The Chris Robinson Brotherhood @ Turner Hall Ballroom, Oct. 4
Thursday, Oct. 1
Fauxny & Golden Coins @ Hotel Foster, 9:30 p.m.
For the last four years, Milwaukee musician Peter Vartanian has been releasing free albums of experimental pop under the moniker Fauxny, though until now the project has never played a show. Ahead of Vartanian’s move to Australia, Fauxny will make its live debut at this shared bill with the experimental indie-rock duo Golden Coins, which is returning to the stage after a long absence. It’ll be a multimedia affair, featuring live fashion and styling from Kaley Wittnik, Mallory Granrath and Vanessa Andrew, and jewelry and accessories from Ashley Kolln.
Friday, Oct. 2
Blues Traveler w/ Matt Jaffe & The Distractions @ Turner Hall Ballroom, 8 p.m.
Blues Traveler have spent the last quarter century as one of the most prominent blues rock bands of their era. The band, formed in 1987 in Princeton, N.J., may be best known for its improvisational shows and ongoing segues from song to song, a characteristic remaining from its jam-band beginnings, but they can write a mighty tight pop song when they want to, as evidenced by their hits “Run-Around” and “Hook.” The group has endured its share of hardships over the years—including singer/harmonica player John Popper’s life-threatening battle with obesity and the death of bassist Bobby Sheehan in 1999—but the group’s collaboration-heavy latest record, Blow Up The Moon, finds them in good spirits.
Korn w/ Suicide Silence and Islander @ The Rave, 7:30 p.m.

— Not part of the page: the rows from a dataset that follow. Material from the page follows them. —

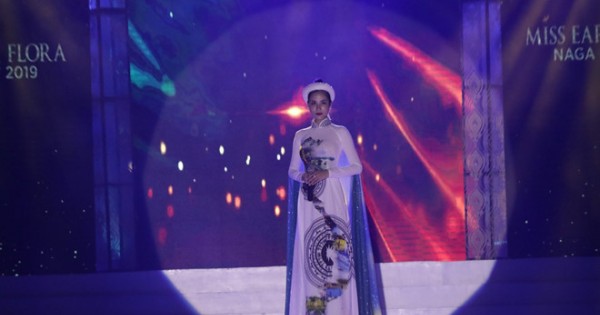 Hoàng Hạnh hát 'Tàu anh qua núi' bị chê thậm tệ tại Hoa hậu Trái Đất 2019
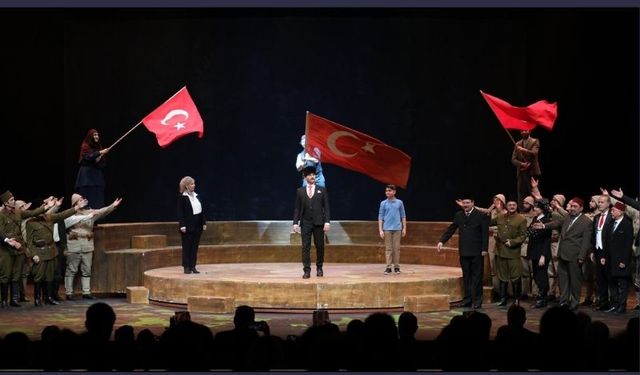 "Cumhuriyete Doğru" tiyatro oyunu İstanbul'da izleyici ile buluştu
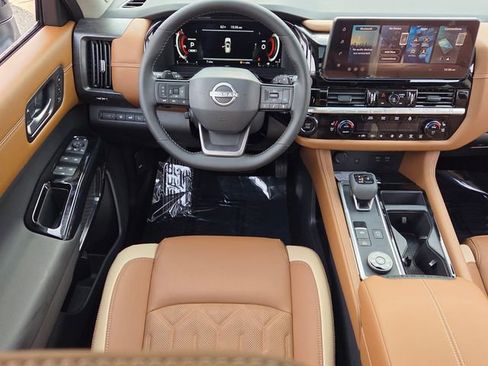 New 2026 Nissan Pathfinder Platinum w/ Cargo Package image 7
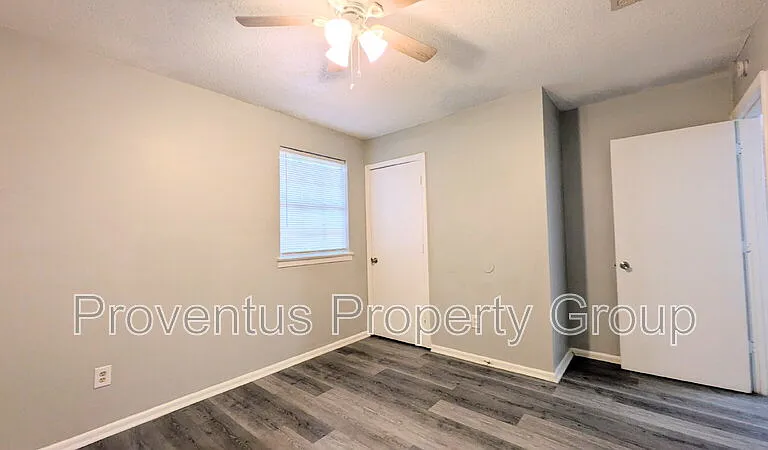 4527 Versailles Dr — Photo 21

The seminal nü-metal group Korn was so popular by the late-’90s that their video for “Got the Life” became the first video ever to be retired by MTV’s “Total Request Live.” Korn has struggled to recapture those commercial and critical heights after the turn of the century, however, confounding fans with unsure albums like 2007’s Untitled, which downplayed the band’s usually funky assault in favor of Beatles-esque melodies and moody keyboards in the spirit of The Cure. More artistic whiplash followed: 2010’s Korn III: Remember Who You Are was an attempted return to purebred nü-metal, while 2011’s The Path of Totality was a full-on dubstep record, with contributions from genre poster child Skrillex. Fan reaction to that one was mixed, but fans have been much more enthusiastic about the band’s latest, 2013’s The Paradigm Shift, which dials back the electronics in favor of good old heavy metal.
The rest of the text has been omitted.